Perhaps if the Plussers grasped the simple fact that they are not special snowflakes, other people are not out to get them, and workers are simply trying to do their jobs as reasonably and simply as possible, they might find that getting along in life is a goal we can all work towards.

I've found that granting others the presumption that they are well-meaning, including airport workers even in a post-9/11 world, makes everyone work towards a common aim and get along as best we can. I personally don't like the high security and lack of privacy that modern airports demand, and as a result I have only flown a handful of times since 9/11. But if my mother chooses to do so, and I choose to help her through the checkpoint, then it is my decision to face the difficulties that a personal inspection requires, despite a personal history of physical and sexual abuse. It is not the agent's fault that I have problems with being touched, and when I am even minimally open and honest with them, I have found them to have been unfailingly sympathetic and understanding, not to mention professional.

I can't help but feel that the Plussers inevitably have problems in every walk of life simply because they demand special status without taking the personal responsibility to vocalize their difficulties and work towards a mutually-agreeable outcome. Is it possible that they are all so unlucky as to constantly come in contact with jackasses who are invariably looking for a stooge on whom they can work out their personal demons? Sure. But is is it more likely that they are repeatedly triggered and victimized simply because they are looking for reasons to be outraged and refuse to accept that other people tend to be well-meaning and want to do the best they can if only they were aware of unusual circumstances? I tend to suspect so.

Life if difficult. It only gets more so if we refuse to communicate with one another about our personal struggles and strivings. But the Plussers seem to want to be victimized and outraged. If that is what they like, and that is what they demand, I find it no surprise that that is what they constantly experience.

I've only just now seen this post, which is a shame; I would have nominated it but it isn't eligible this month, damn it all. Still, it's a brilliant post.
 
1) What did you mean by "racist"?

She judged people's actions not by the actions themselves, or by information about the event, but by imagining them to have a certain skin colour, and then imagining their motives based on nothing but that skin colour.

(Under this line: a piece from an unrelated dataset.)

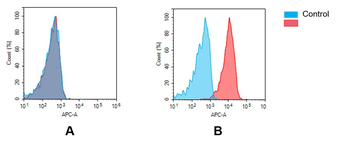 Anti-GPRC5D antibody(DM91); Rabbit mAb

2) Does the fact that the girl was black matter to the problem with the assumption or not?

I'm not entirely sure what you mean by this sentence, but replace any race thus far discussed with any other race and my opinion would be the same.

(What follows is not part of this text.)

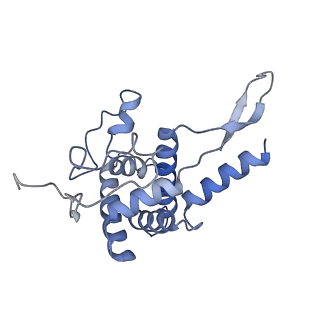 21529_6w2s_G_v1-2
Structure of the Cricket Paralysis Virus 5-UTR IRES (CrPV 5-UTR-IRES) bound to the small ribosomal subunit in the open state (Class 1)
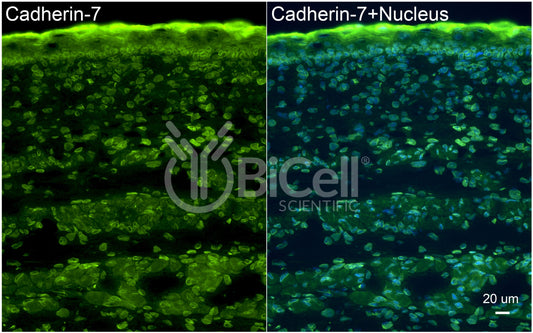Cadherin-7 (CDH7) Antibody - FFPE Validated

3) Why do you say the board allows/encourages racism?

Because it allows and encourages racism.

4) Why do you think that's a bad thing?

Did you really just ask me why I think encouraging racism is bad?

Complaining about prejudice against whites in a post condemning a school for being racist against a black girl is a bad thing to do.

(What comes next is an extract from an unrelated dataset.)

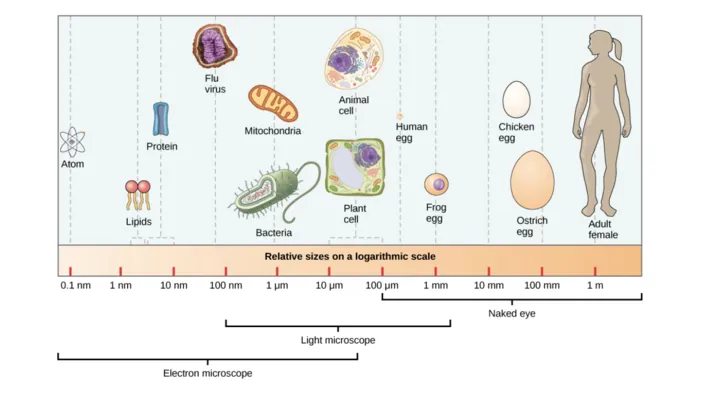 Relative sizes on a logarithmic scale, from 0.1 n m to 1 m, are shown. Objects are shown from smallest to largest. The smallest object shown, an atom, is about 1 n m in size. The next largest objects shown are lipids and proteins; these molecules are between 1 and 10 n m. Bacteria are about 100 n m, and mitochondria are about 1 greek mu m. Plant and animal cells are both between 10 and 100 greek mu m. A human egg is between 100 greek mu m and 1 m m. A frog egg is about 1 m m, A chicken egg and an ostrich egg are both between 10 and 100 m m, but a chicken egg is larger. For comparison, a human is approximately 1 m tall.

A) I didn't. B) Even if I had, why would it be a bad thing to do, if the post condemning the white people was factually incorrect and nobody had been racist against a black girl? Is it your contention that any stated prejudice against a black person - whether true or not - trumps any other kind of racial prejudice? I can understand not hijacking a topic about a certain type of racial prejudice with talk of a different type of prejudice, particularly if it's talk of prejudice against a group which are usually in the positions of power, but commenting on an erroneous post in a completely different venue is "a bad thing to do"?